As I child, I couldn’t get out of bed in the mornings when the days got shorter and colder. It was almost as if I was hibernating from Daylight Savings Time, to April. My room had beautiful, but leaky, French windows and there was always a dusting of frost on them. The room was so cold that I learned to sleep without moving too much. When I woke up the only part of my body that was exposed was my face, and I remember not having any feeling in my nose!
I doubt our house was really that cold, but I have always been sensitive to it. I didn’t think about it back then, but being cold and sensitive to dark days runs in the family. My father would be wearing a sweater in July, when everyone else was wearing short-sleeved shirts. He tended to be sleepy all Winter. I just thought he was tired, but as I got older, I found myself wearing Winter coats longer than anyone else on the street and sleeping longer in the winter too.
But that’s not what the topic of this post is really about. It’s about Seasonal affective disorder, also known as SAD. Before it was suggested as an actual disorder by Dr. Norman Rosenthal in 1984, it was assumed that people who felt depressed and sluggish in the darker months of the year were just faking it. Dr. Rosenthal noticed that he had these symptoms when he moved from a sunny South Africa to cold and dark, New York. He began experimenting with exposure to artificial light and began to see that this could make a difference. People who suffer from SAD find themselves, literally “hibernating” when the weather is cold and dark. They often feel sluggish, depressed and they may even gain weight. When I read about this some years ago, I realized that I probably had SAD, too. I bought a light box and it is somewhat helpful. But not as much as full sun exposure in a warm place like the Caribbean or Mexico (preferably with a frosty pina colada in hand)! You can’t use just any bright light, you need one that is close to what natural sunlight would produce, and it has to be many times brighter than normal office (a dose of 10,000 lux, used for 30-60 minutes daily. You have to be close to the light box, but not staring directly at it. I normally turn it on when I’m typing, as I’m doing now . Use in the morning has been suggested to mimic the effects of normal dawn, which is supposed to be more helpful, so that’s when I try to use it. You’re supposed to use it every day, but I have found that if I use it when I’m feeling particularly lethargic, it gives me a boost for a few days.
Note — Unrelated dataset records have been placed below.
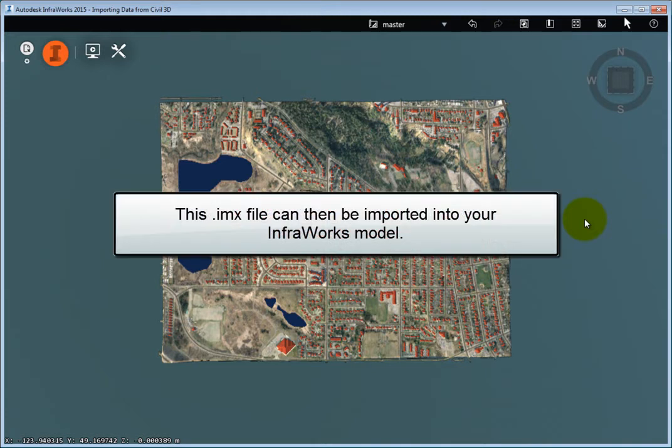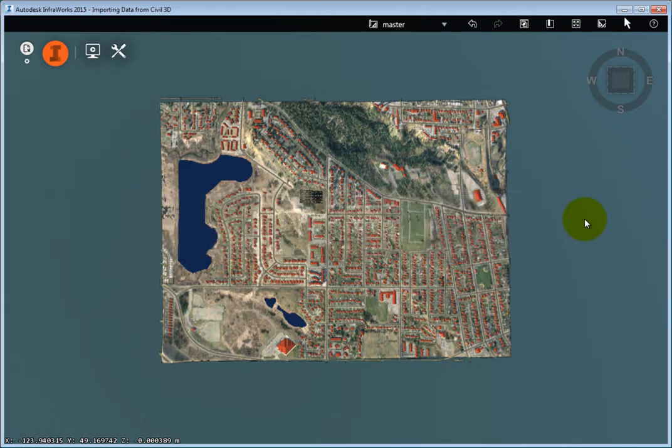This .imx file can then be imported into your InfraWorks model. This model contains a terrain with an aerial photo draped over it, roads, buildings, water bodies, point cloud data, and a pipe network.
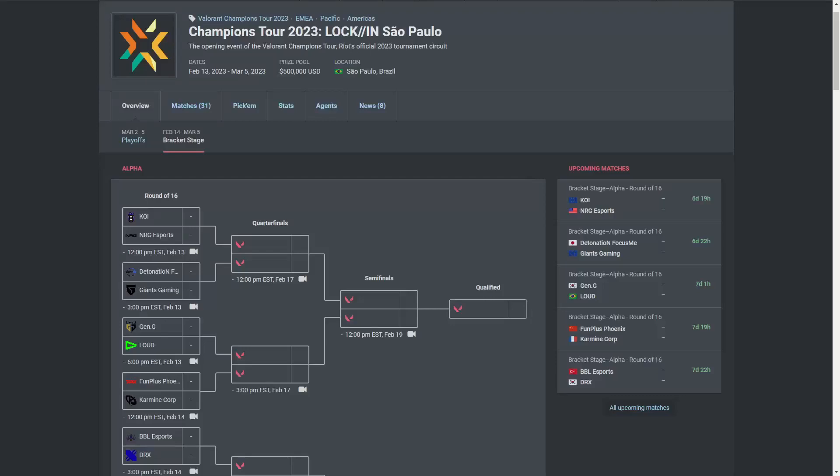Welcome to my top three dark horses at VCT Lock-In. These are teams that I don't necessarily think will win the tournament, but teams that I think have small chances of making it out of their groups and even getting some upset wins. Let's get right into it.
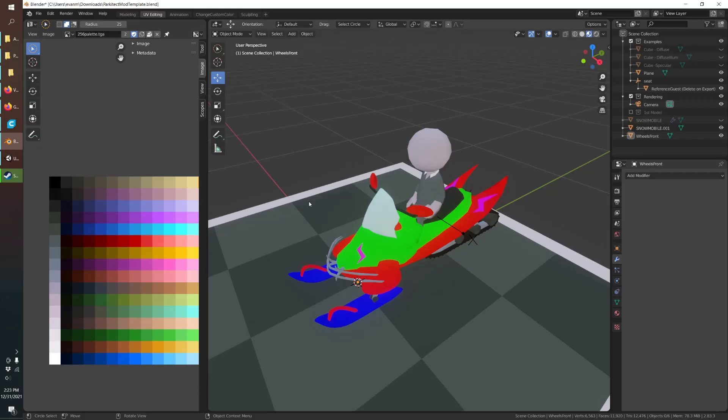Hello YouTube! Today we'll be learning how to make our first modded Parkitect coaster train. First I'm going to show you how you can figure out the size your train needs to be by looking at the in-game Parkitect models for reference, and then we're going to make a train of our own from the snowmobile.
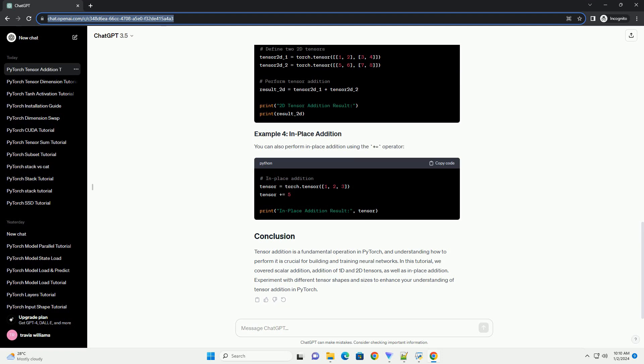The tensors involved in the addition operation must have the same shape. You can also perform in-place addition using the plus equals operator.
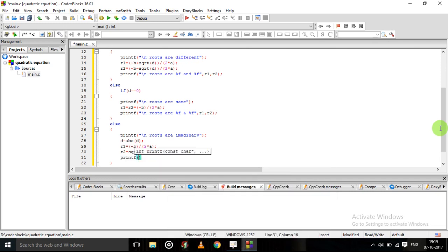printf: roots are %f and %f, giving the values of a, b, and c respectively for the real and imaginary parts.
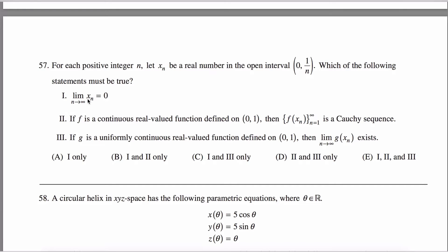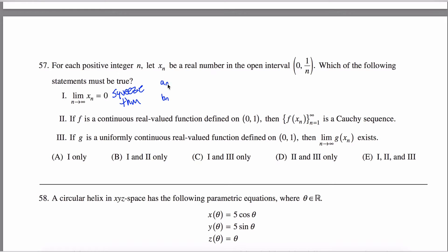The first statement: the limit as n approaches infinity of xn equals 0. That makes sense, right? If n gets really, really large, then xn is some unknown value between 0 and 1 over some really large number. 1 over a really large number is damn near 0. So I'm picking some number between 0 and something that's damn near 0. Intuitively, this limit equals 0, and that ends up being true. You can cite the squeeze theorem. The idea is if I can create two other sequences — call them an and bn — where an is always less than xn and bn is always greater than xn, then the limit of xn will be squeezed between those two limits.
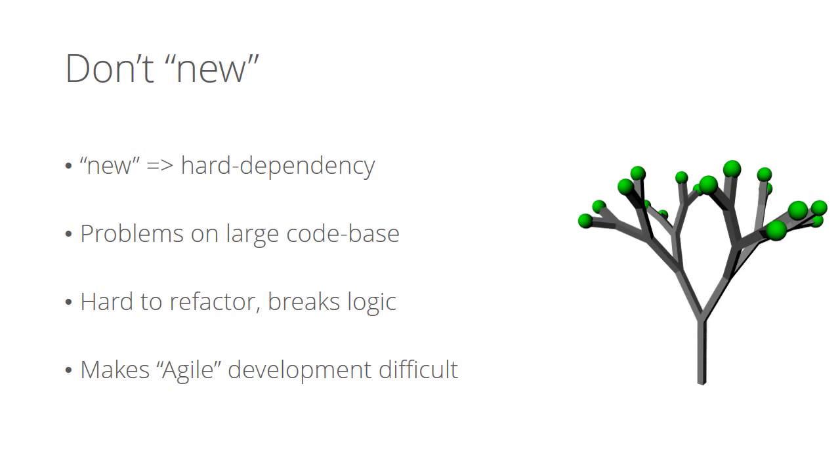Every new keyword introduces a new hard dependency. Hard dependencies create problems when the code base becomes larger. It's very difficult to refactor and very easy to break the business logic. The new keyword makes agile development difficult. Please check out my dependency injection video available here at devc.com and see the solution for hard dependency problems.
There are several theories about why people get SAD, but without going into a lot of technical description, researchers still don’t know why some people are so susceptible to the “Winter Blues.” If you’re feeling sluggish and perhaps, a bit depressed, it might be due to way the media hypes happy holidays on television, along with the pressure to feel a joy about the holidays you don’t’ really believe in. It might be the fact that you miss wearing shorts, and seeing the flowers bloom and the trees full of green elaves, or, you might just be feeling the effects of SAD.